Armed with virtues of the school of hard knocks, New Yorker realises his dream in city of opportunities
'You're opening in a mall! No one will ever come to a mall!' With these words ringing in his ears, Harlan Goldstein nevertheless launched Harlan's Bar and Restaurant in Two IFC.
His philosophy: If you do something unique, people will come. But the 44-year-old entrepreneur-chef says 'keeping it busy night after night is the hard part'.
Mr Goldstein's story is testament to the rewards of grit. He was raised in a single-parent household on New York's tough lower East Side; his mother Ruth had her hands full. 'She had to figure what to do with a wild 14-year-old kid,' he laughs. His Uncle Ben got him a training placement in a Florida kitchen. He started on potwash and at 17 his uncle got him an apprenticeship at the prestigious Hotel Le Montreux Palace in Switzerland.
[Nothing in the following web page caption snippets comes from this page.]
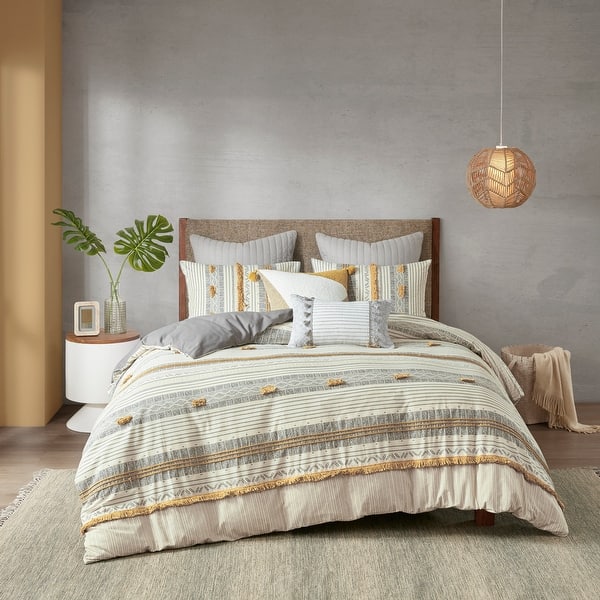 INK+IVY Cody 3 Piece Cotton Comforter Set - Gray/Yellow - Queen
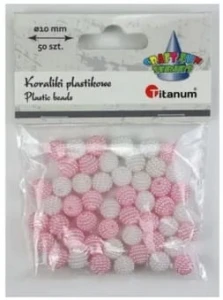 Koraliki plastikowe 10mm blado różowe 50 szt Titanum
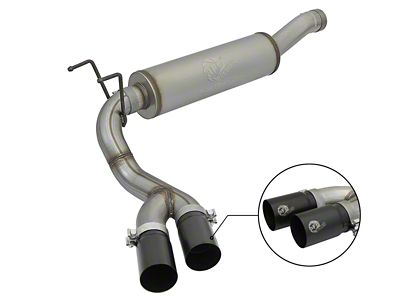 AFE Rebel Series 3-1/2in 409 SS Cat-Back Exhaust System w/Black - 49-42057-B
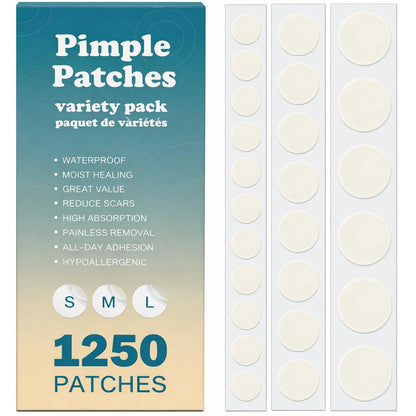TKGOU Pimple Patches for Face - 1250 Counts 3 Size Acne Patches, Hydrocolloid Spot Stickers for All Skin Types - Invisible Zit Patches to Shrink Blemishes & Breakouts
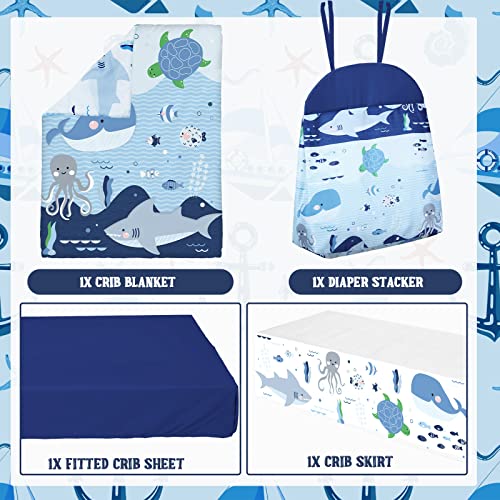 Product: Rtteri 4 Pieces Baby Crib Bedding Set, Nursery Bedding Standard Size Soft Baby Bedding Set Including Crib Skirt, Blanket, Sheet and Diaper Stacker for Girls and Boys(Whale)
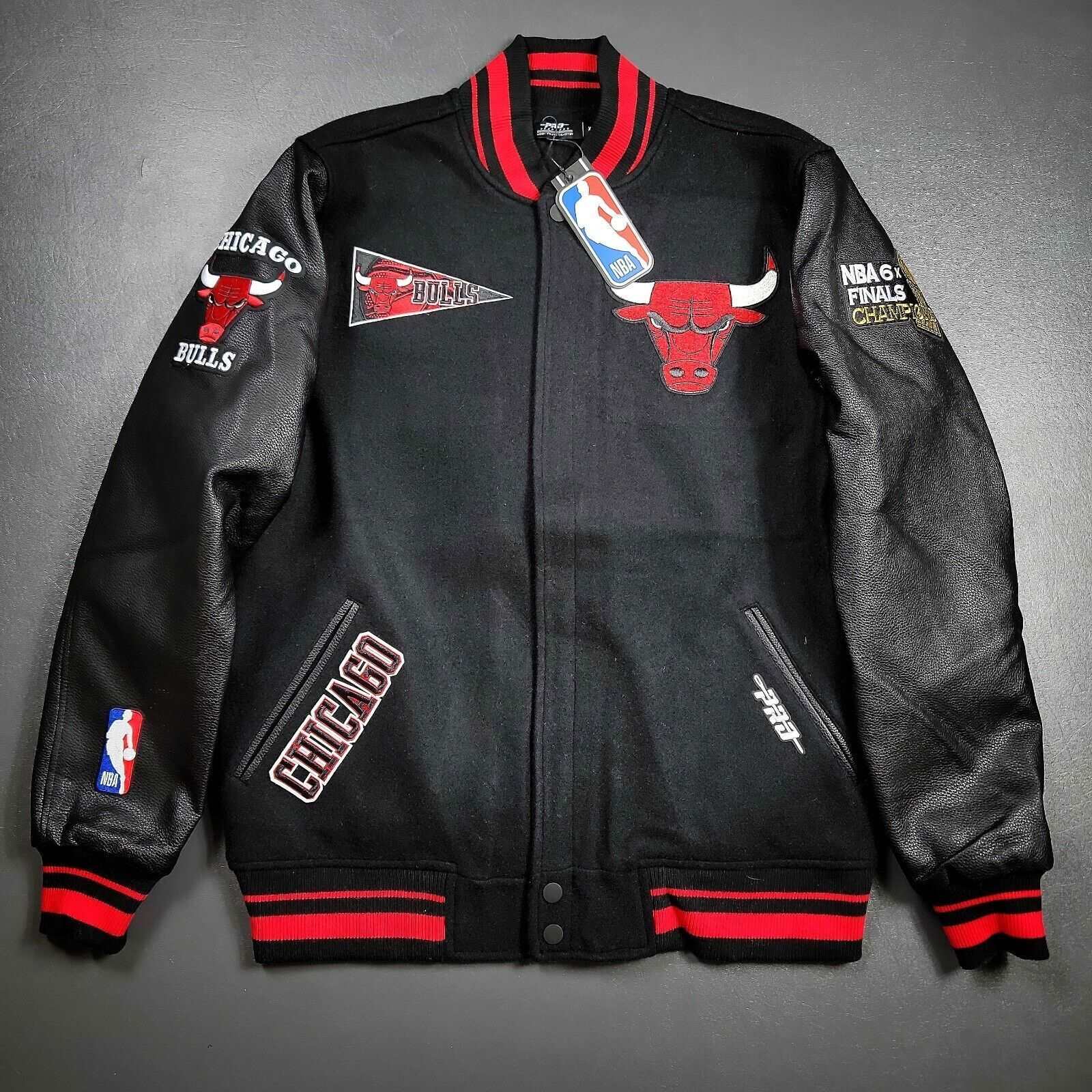 Veste en cuir et laine universitaire pour homme des Chicago Bulls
It was far from soft-option nepotism: the young American was thrown in among 80 French-speaking chefs. 'I learned French very fast.' Initially he didn't think he could make it. 'But I was determined, something I have always been.' At 22, he was running the kitchen of the fine dining restaurant in the Hilton New Orleans. 'Most of the staff were way older than me, but we won lots of awards and recognition.'
A stint in Hawaii with Hyatt Regency took him to the next step, executive sous chef, running a nine-outlet operation with 185 staff and banqueting for 5,000 people.